#### Available records:
= Beginning of Section =

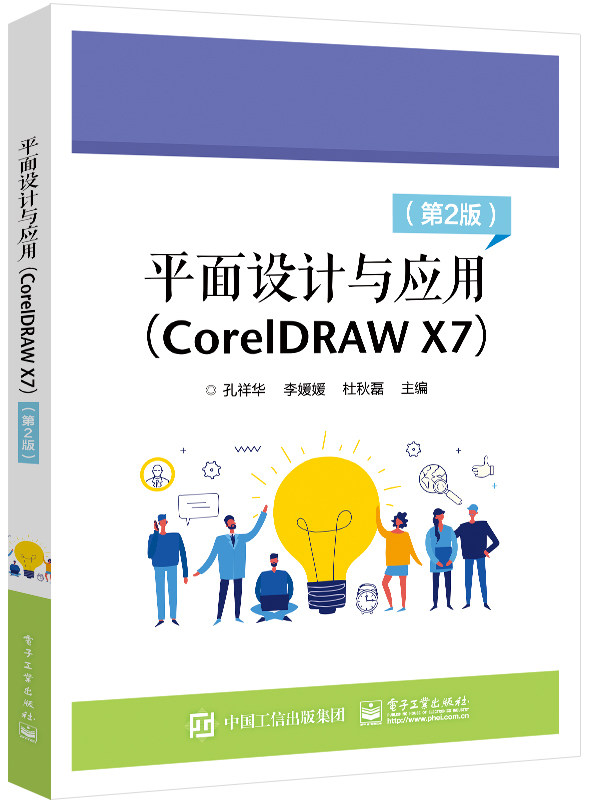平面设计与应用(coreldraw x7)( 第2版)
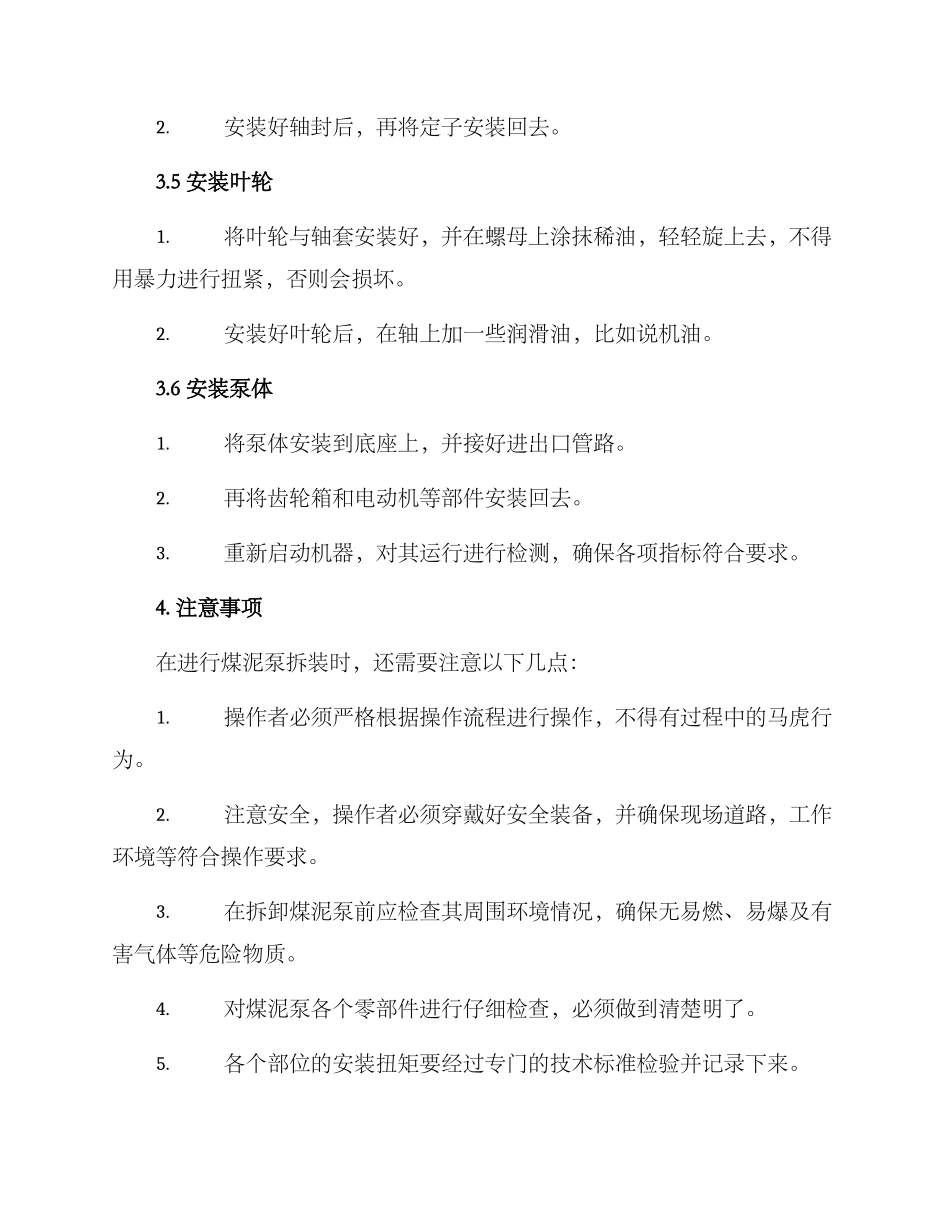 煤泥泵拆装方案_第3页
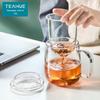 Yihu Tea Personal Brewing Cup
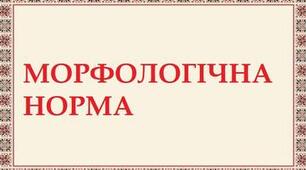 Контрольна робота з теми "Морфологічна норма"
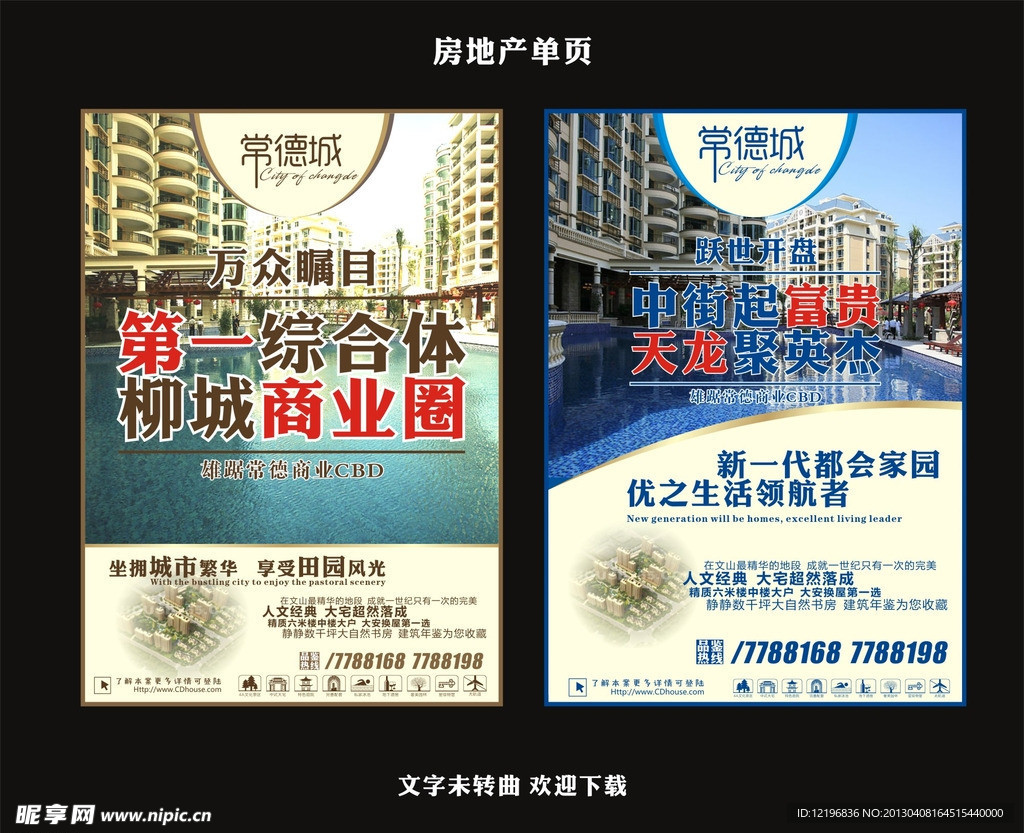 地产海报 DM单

= End of Section =

#### What is required:
Could you copy each line above exactly as written, minus any pictures?

#### Output of the task:
平面设计与应用(coreldraw x7)( 第2版)
 煤泥泵拆装方案_第3页
 Yihu Tea Personal Brewing Cup
 Контрольна робота з теми "Морфологічна норма"
 地产海报 DM单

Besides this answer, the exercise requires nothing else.